A new method developed at Cold Spring Harbor Laboratory (CSHL) uses DNA sequencing to efficiently map long-range connections between different regions of the brain. The approach dramatically reduces the cost of mapping brain-wide connections compared to traditional microscopy-based methods.

Neuroscientists need anatomical maps to understand how information flows from one region of the brain to another. “Charting the cellular connections between different parts of the brain–the connectome–can help reveal how the nervous system processes information, as well as how faulty wiring contributes to mental illness and other disorders,” says Longwen Huang, a postdoctoral researcher in CSHL Professor Anthony Zador’s lab. Creating these maps has been expensive and time-consuming, demanding massive efforts that are out of reach for most research teams.

Researchers usually follow neurons’ paths using fluorescent labels, which can highlight how individual cells branch through a tangled neural network to find and connect with their targets. But, the palette of fluorescent labels suitable for this work is limited. Researchers can inject different colored dyes into two or three parts of the brain, then trace the connections emanating from those regions. They can repeat this process, targeting new regions, to visualize additional connections. In order to generate a brain-wide map, this must be done hundreds of times, using new research animals each time.

[Watch the mouse brain connectome: https://www.youtube.com/watch?v=m8JmyCm991g]

The method developed in the Zador lab, called brain-wide individual animal connectome sequencing (BRICseq), takes a different approach. “We no longer label brain regions and their projections using colors. We are labeling them using nucleotide sequences,” Huang says. Combining the four letters of the DNA code into short “barcodes” generates a virtually infinite number of labels that can distinguish one cell from one another, he explains. After labeling, researchers use DNA sequencing to analyze tiny segments of brain tissue, interpreting each recurring barcode as a signal of a cellular connection.
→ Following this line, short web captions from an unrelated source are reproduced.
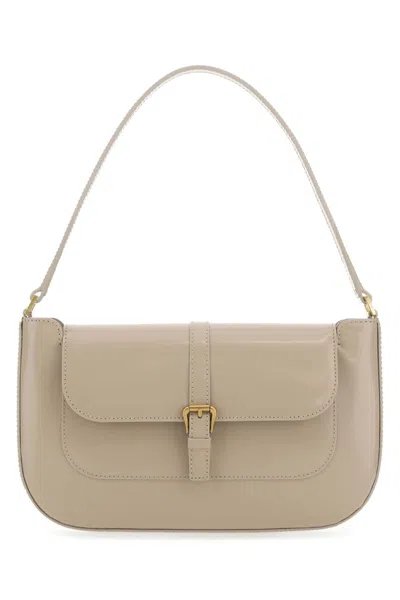 By Far Khaki Miranda Shoulder Bag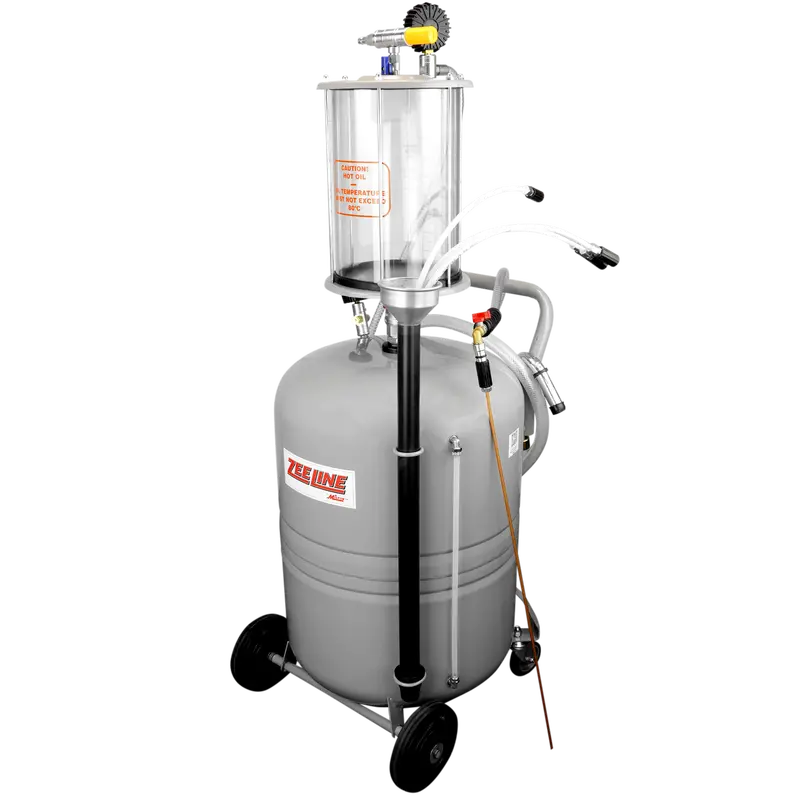 ZE21EVB 21-Gallon Fluid Evacuator with Integrated Measuring Bowl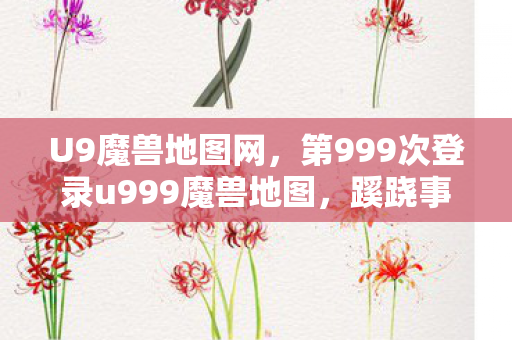 第999次登录u999魔兽地图图片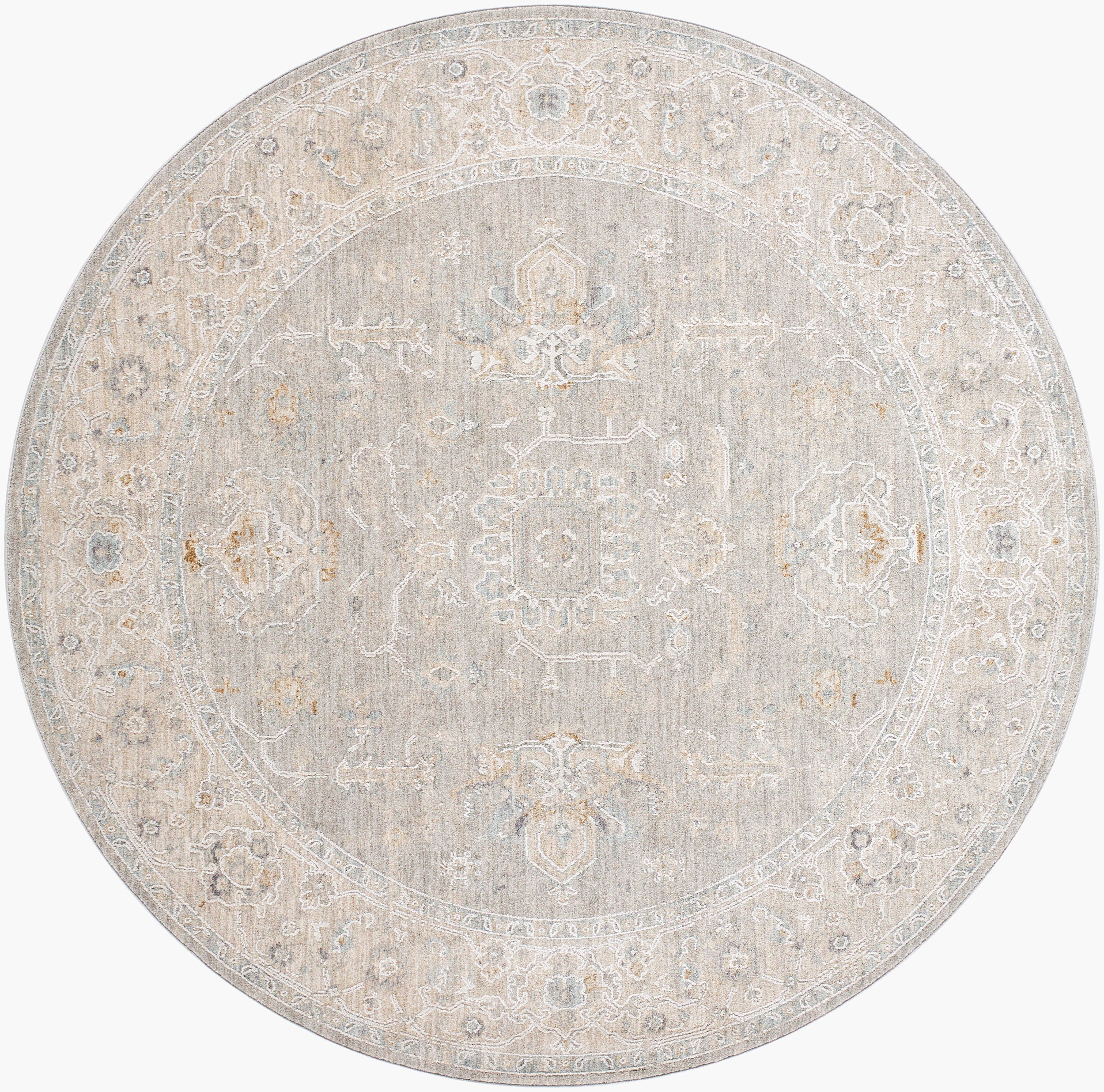 LIVABLISS Avant Garde AVT-2304 Gray Area Rug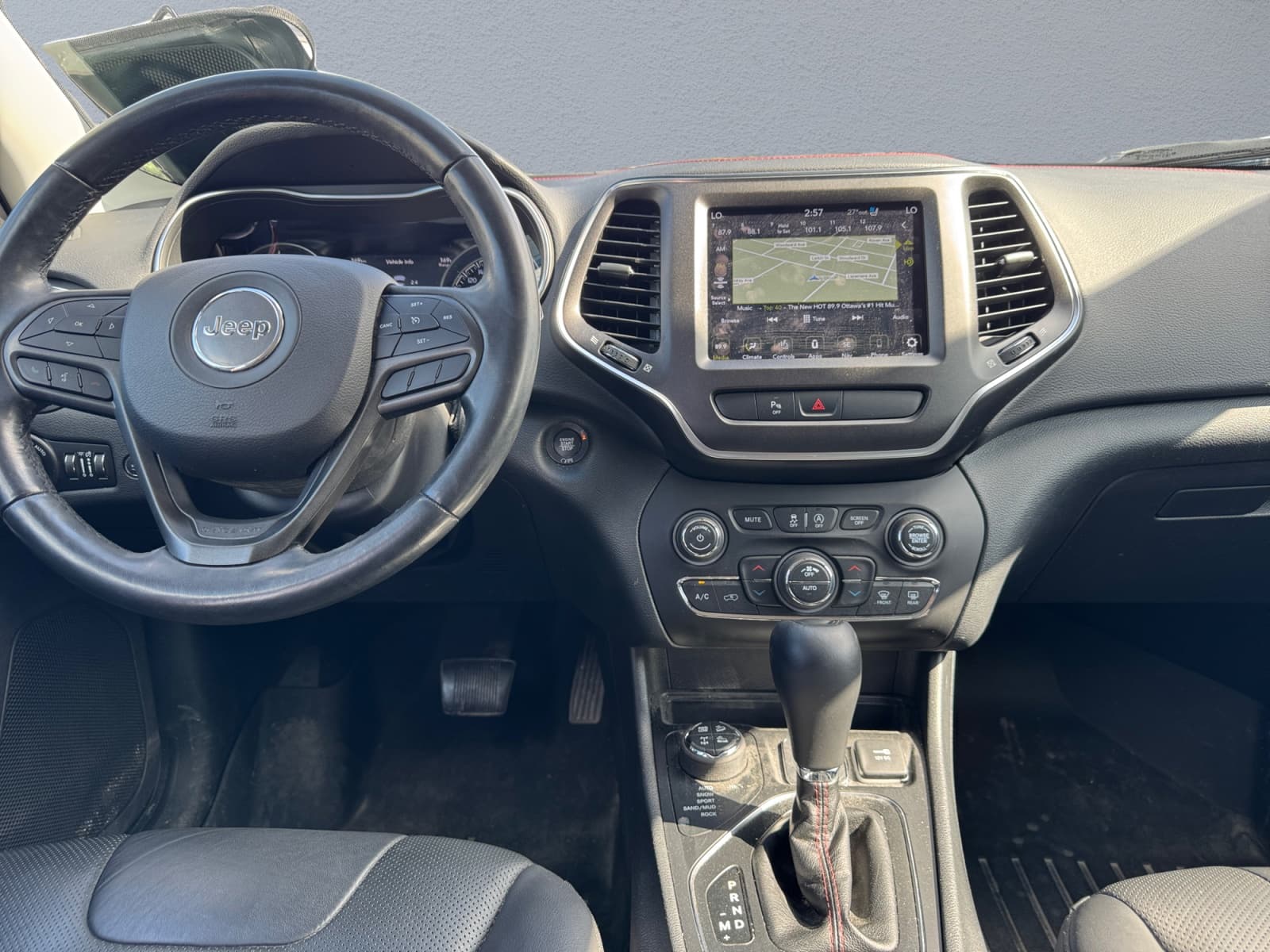 2020 Jeep Cherokee Trailhawk Elite 4WD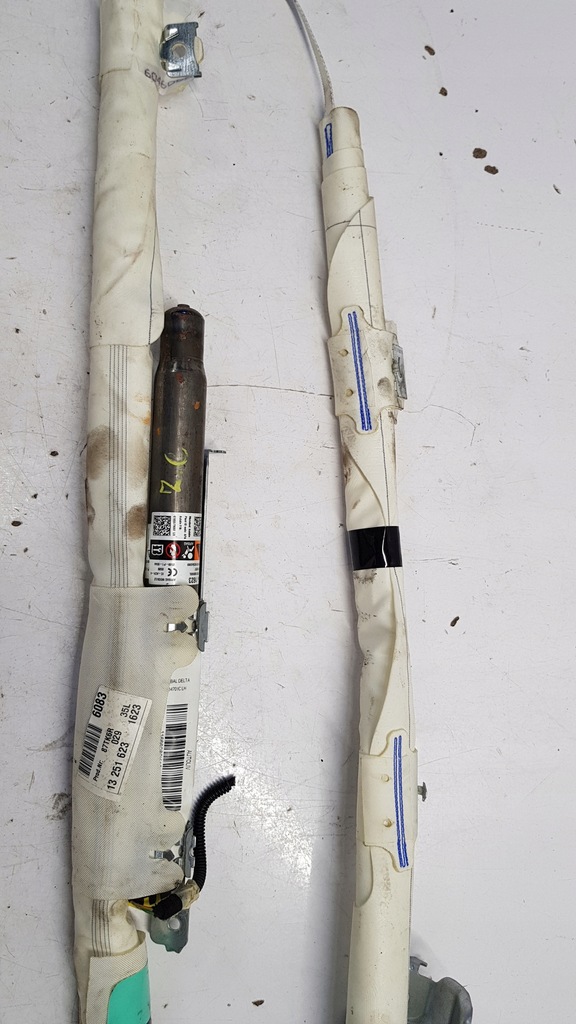 фото №8, Шторка безопасности правая левая opel zafira c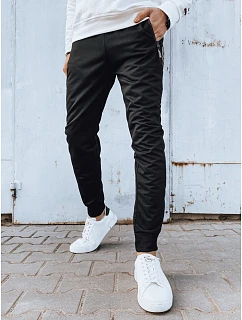 Pánské černé tepláky FashionStreet UX4273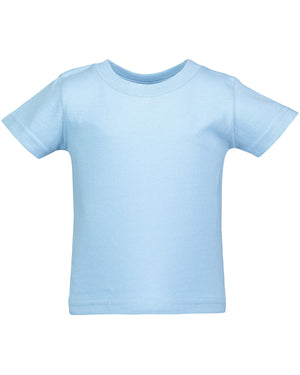 Infant Cotton Jersey T-Shirt - Light Blue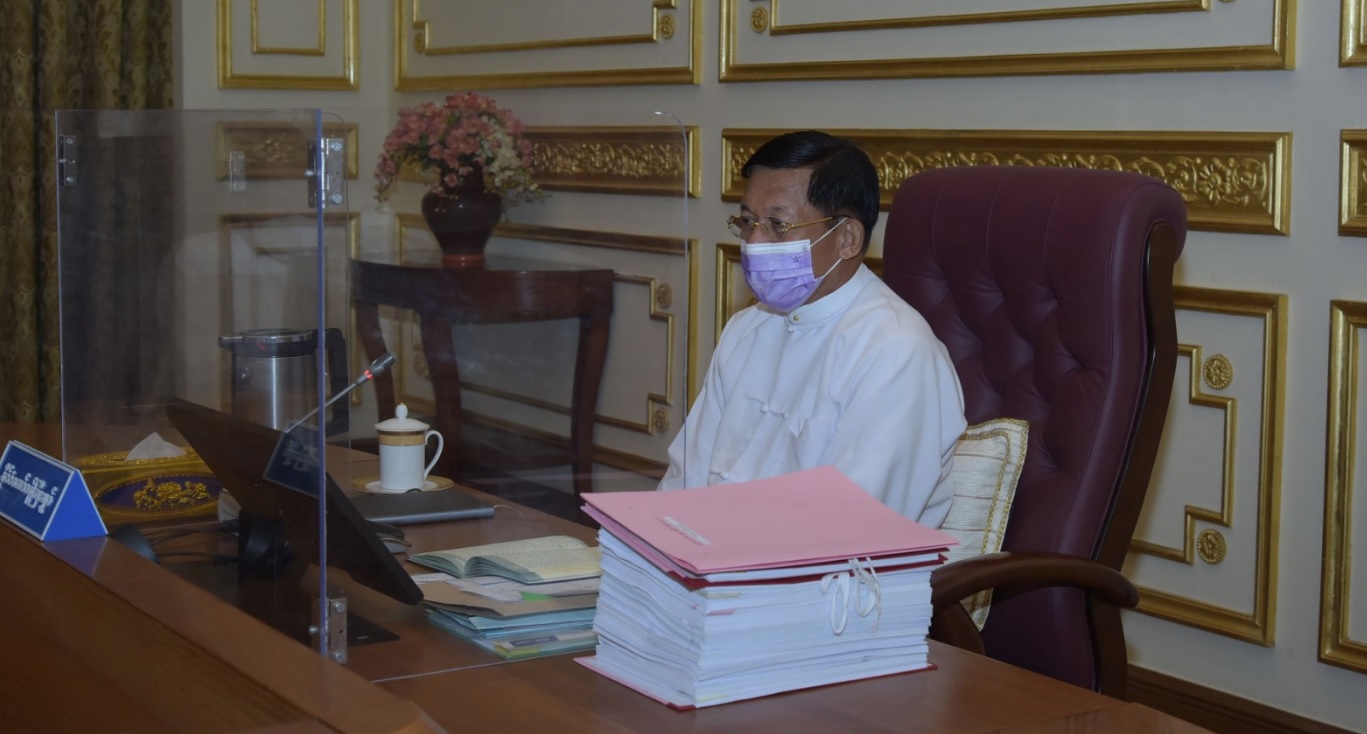 ၈၈ တွင်ဒီမိုကရေစီနှင့်ပတ်သက်၍ ထဲထဲဝင်ဝင်သိသူနည်းပါးဟု အာဏာသိမ်းစစ်ခေါင်းဆောင်ပြော
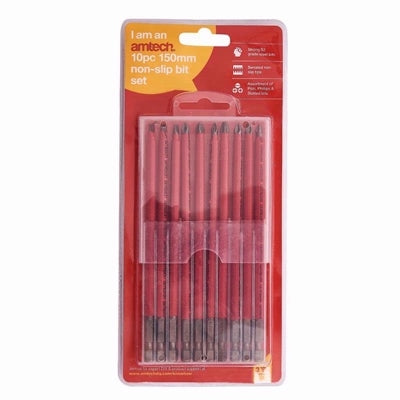 AMTECH EMBOUTS ANTIDÉRAPANTS 10PC 150MM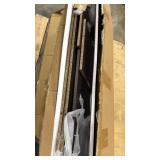 COSTWAY Tall Bathroom Storage Cabinet, 5-Tier Freestanding Linen Tower Cabinet with 2 Doors, Wooden Side Storage Organizer, Narrow Slim Floor Cabinet for Bathroom, Living Room, Kitchen (Brown) - Retai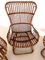 Italian Armchairs in Bamboo, 1970s, Set of 4, Image 10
“The diversity of barcodes is really high compared to the number of colors we can use in science research. So now we can really label a huge amount of neurons and brain regions per animal, which allows us to map projections from multiple brain regions using these barcodes,” Huang says.

The research team, including former graduate student Justus Kebschull, who worked with Huang to develop the technique, report in the journal Cell that BRICseq accurately maps region-to-region connectivity in the brains of mice. They say the approach will be widely accessible and should be adaptable to other organisms.